The term, “writer’s block” isn’t completely accurate because it implies that the problem has been imposed upon you—it’s something you have.
Instead, I prefer the term, “incubation” because that’s something you do. Incubation reflects the truth–that even if you’re struggling, you’re actively involved in the creative process.
2. Write Something Unusual
One of my clients, a spy novelist, takes creative breaks by writing children’s stories for his own kids—low pressure, doesn’t take too long, and is a refreshing change of pace.
3. Write Under A Pseudonym
Decide that you’ll write and send out the project that’s vexing you under an assumed name.
Take some time to decide on what your name will be, and include it as your byline. This technique has worked for Richard Bachman, Mark Twain, John LeCarre, and more.
4. Get in the H2O
It worked for Archimedes–it can work for you.
5. Repetitive Physical Activity
- Clean the kitchen
- Do laundry
- Sweep the floor
- Wash the car by hand
By the time you get a flash of insight, something will be clean.
6. Creative Physical Activity
- Cook or bake something you don’t ordinarily make.
- Build something with your hands, e.g., a model airplane, a new desk.
- Knit, sew, paint, collage.
“Incubation” is what occurs to me when I see those scenes where a guy is making one of those boats in a bottle.

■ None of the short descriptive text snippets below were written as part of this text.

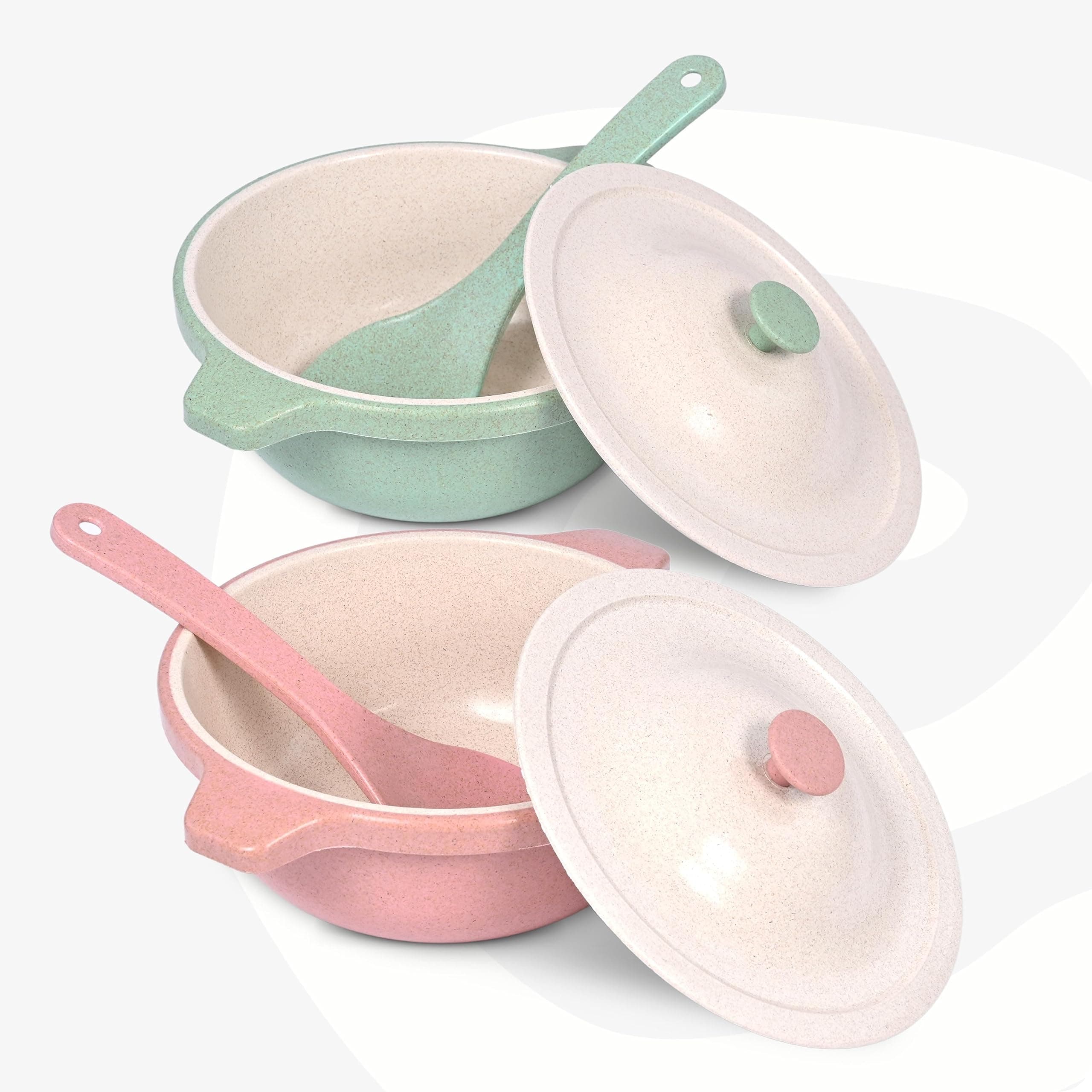 Earth Friendly Serving Bowls with Lid | Microwave Safe | Made with Rice Husk and Bamboo Fibers | 1250 ml Each | Set of 2 | Innocent-Celeste Pink & Green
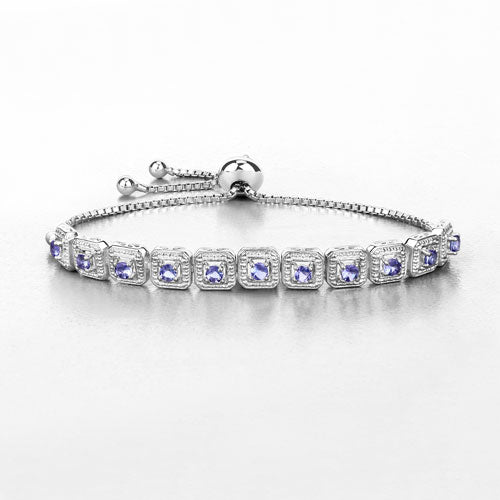 1.10 Carat Genuine Tanzanite .925 Sterling Silver Bracelet by Bids.com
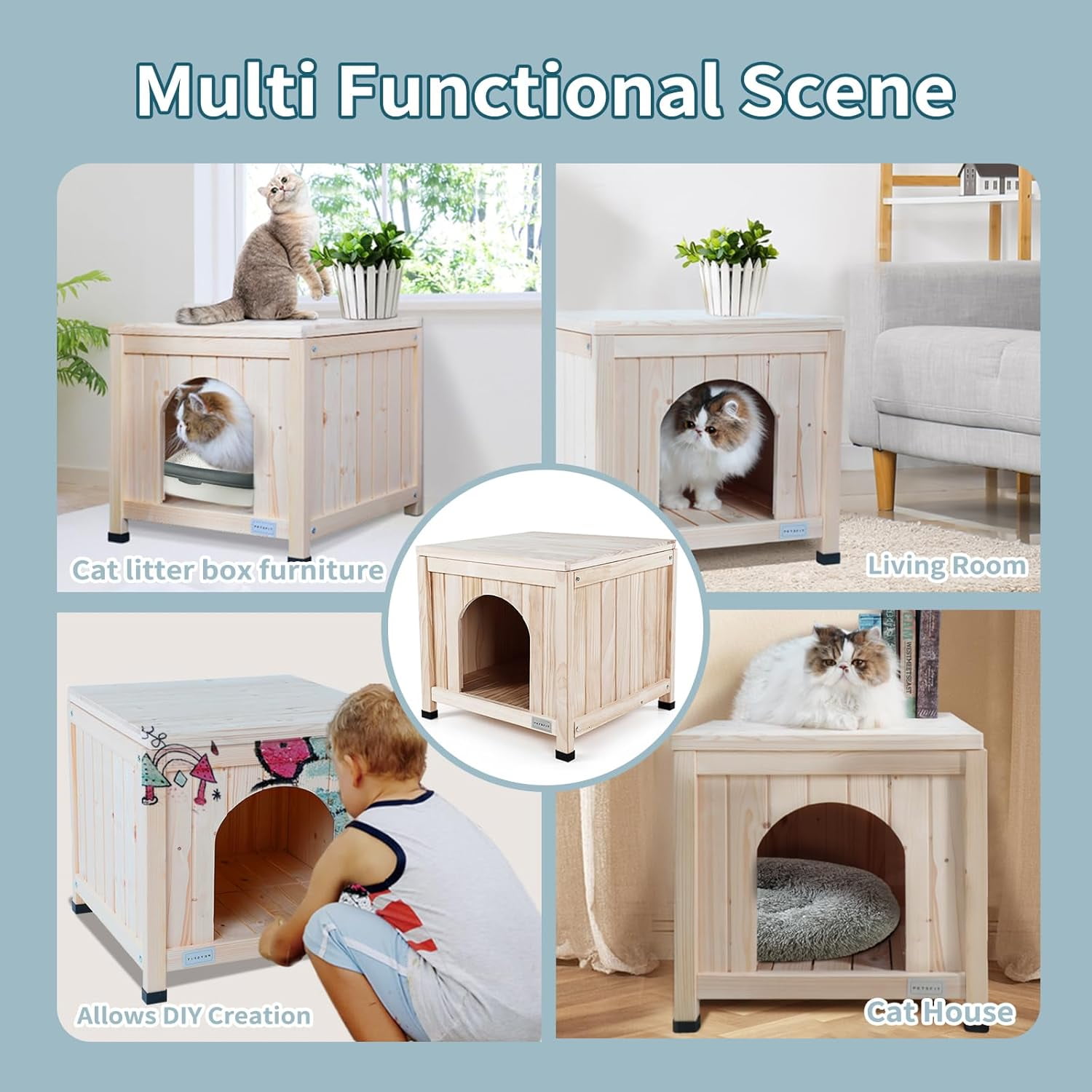 Elevating Dog Enclosure Reference: Indoor Dog House Cat Litter Box Enclosure Furniture With Elevated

It’s supposed to indicate someone who plans methodically, but I always think, “I bet that guy is stuck in Act II.”
I’ve read that when Steven Spielberg gets stuck on a movie, he takes a long drive in his car. Composer Steve Reich rides around on the NY subway. One of my favorite things to do is to be a tourist in my own town, drive around, and explore new neighborhoods.
8. Take A Long Walk
There’s something special about walking that allows your attention to wander in a valuable way.
9. Organize Your Books
The act of coming into contact with lots of other ideas and sorting them can trigger an insight.
10. Go On A Media Binge
Instead of your scheduled writing time, watch movies and TV, read books and magazines, and let enthusiasm be your only guide.
11. Go On A Media Fast
Don’t watch TV or movies, read books or magazines, or listen to podcasts or news. Take a break from consuming information and stories.
It’s amazing how much time and mental space you’ll realize you have, and when you make space, new ideas come in….
12. Take A Class That’s Not About Writing
Use your writing time to enroll in a weekly class that interests you, like: photography, painting, improv comedy, rock climbing, krav maga, cooking, salsa dancing, or playing guitar.
13. Write In A New Environment
Famed writing teacher Natalie Goldberg is a big proponent of writing outside your home.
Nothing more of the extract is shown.